Extracted records:
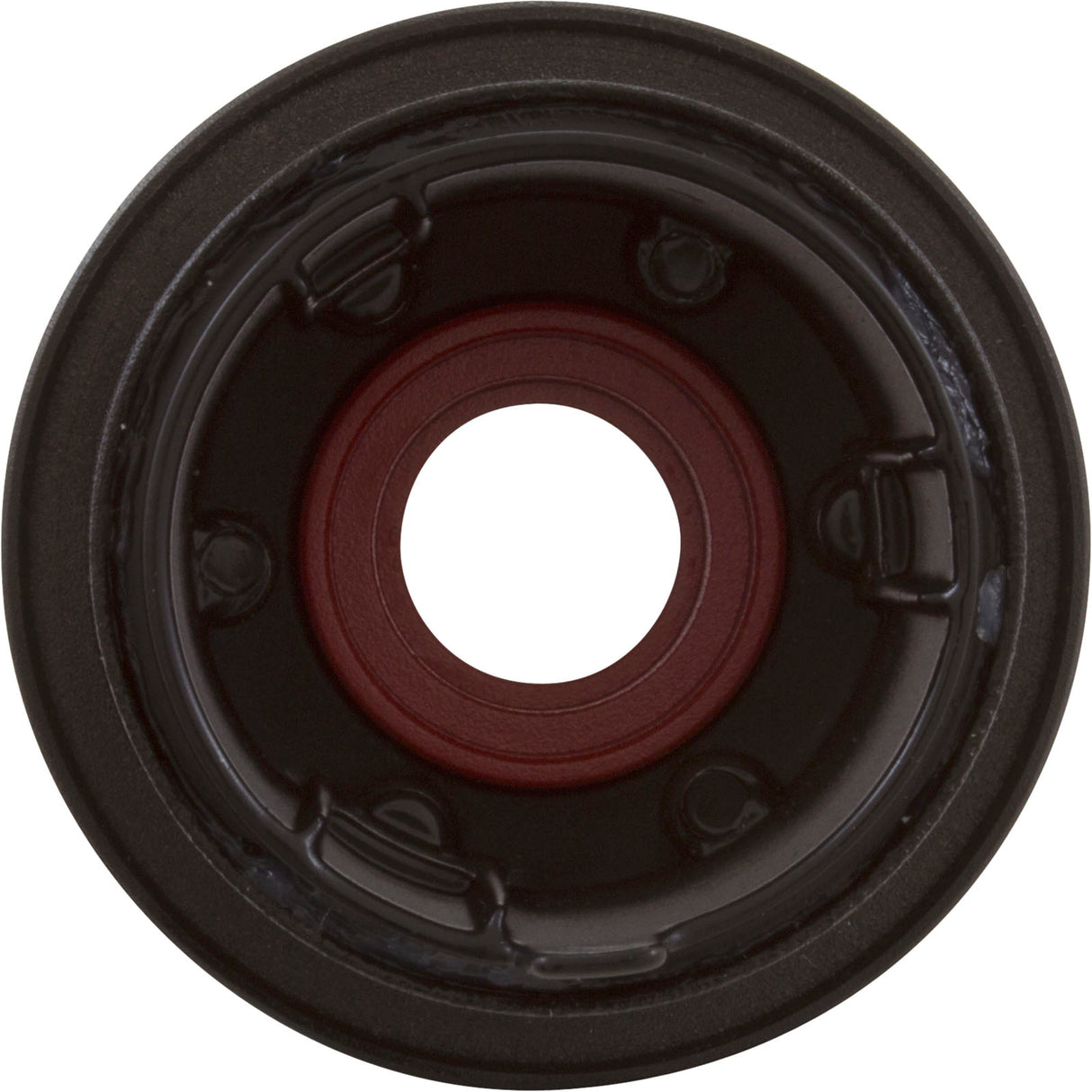 Torque Regulator Assy, Nemo Power Tools, V2-DD, BY, PD : RK01007 - Nemo Power Tools - 4897100721111 - PartsForSpas.com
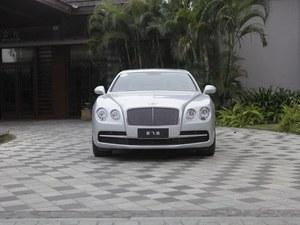 �����ɳ������ֳ� �������30000�����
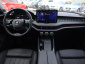 Škoda Superb, 2024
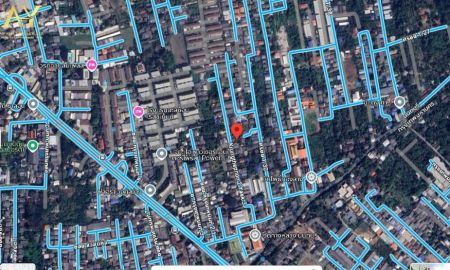 ขายที่ดิน - ขายด่วนที่ดิน เนื้อที่ 202ตรว ซอยกรุงเทพ-นนท์2 ถ.กรุงเทพ-นนท์ ต.บางเขน อ.เมือง จ.นนทบุรี ขายเพียง9.09MB.
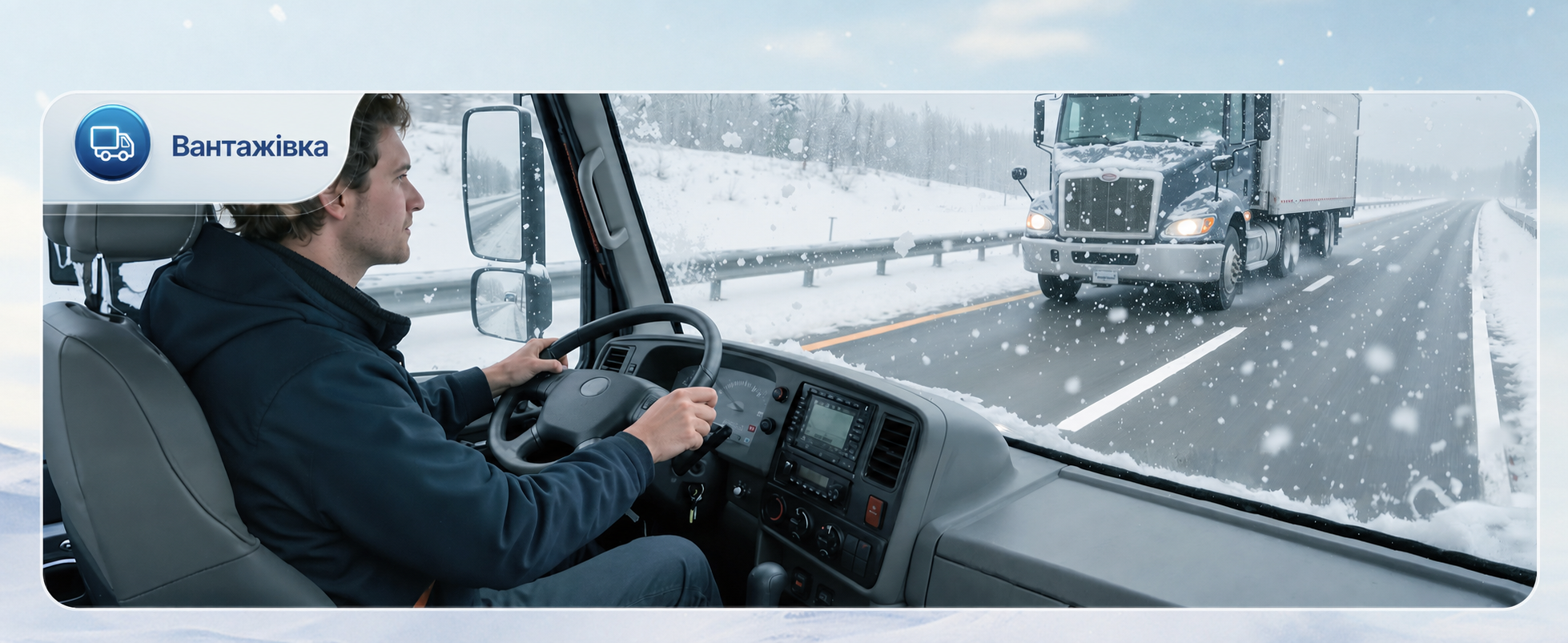 Дизельний опалювач 8kW , 12/24V/240V, 0.12-0.45 л/год, 10-рівнів регулювання температури, автоматичний старт/стоп для авто та вантажівок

**DIRECTIONS FOR THIS TASK**
Transcribe exactly the lines from the one with "ขายที่ดิน - ขายด่วนที่ดิน" to the last line of the records, both included, so that no picture appears in the copy.

**TASK ANSWER**
 ขายที่ดิน - ขายด่วนที่ดิน เนื้อที่ 202ตรว ซอยกรุงเทพ-นนท์2 ถ.กรุงเทพ-นนท์ ต.บางเขน อ.เมือง จ.นนทบุรี ขายเพียง9.09MB.
 Дизельний опалювач 8kW , 12/24V/240V, 0.12-0.45 л/год, 10-рівнів регулювання температури, автоматичний старт/стоп для авто та вантажівок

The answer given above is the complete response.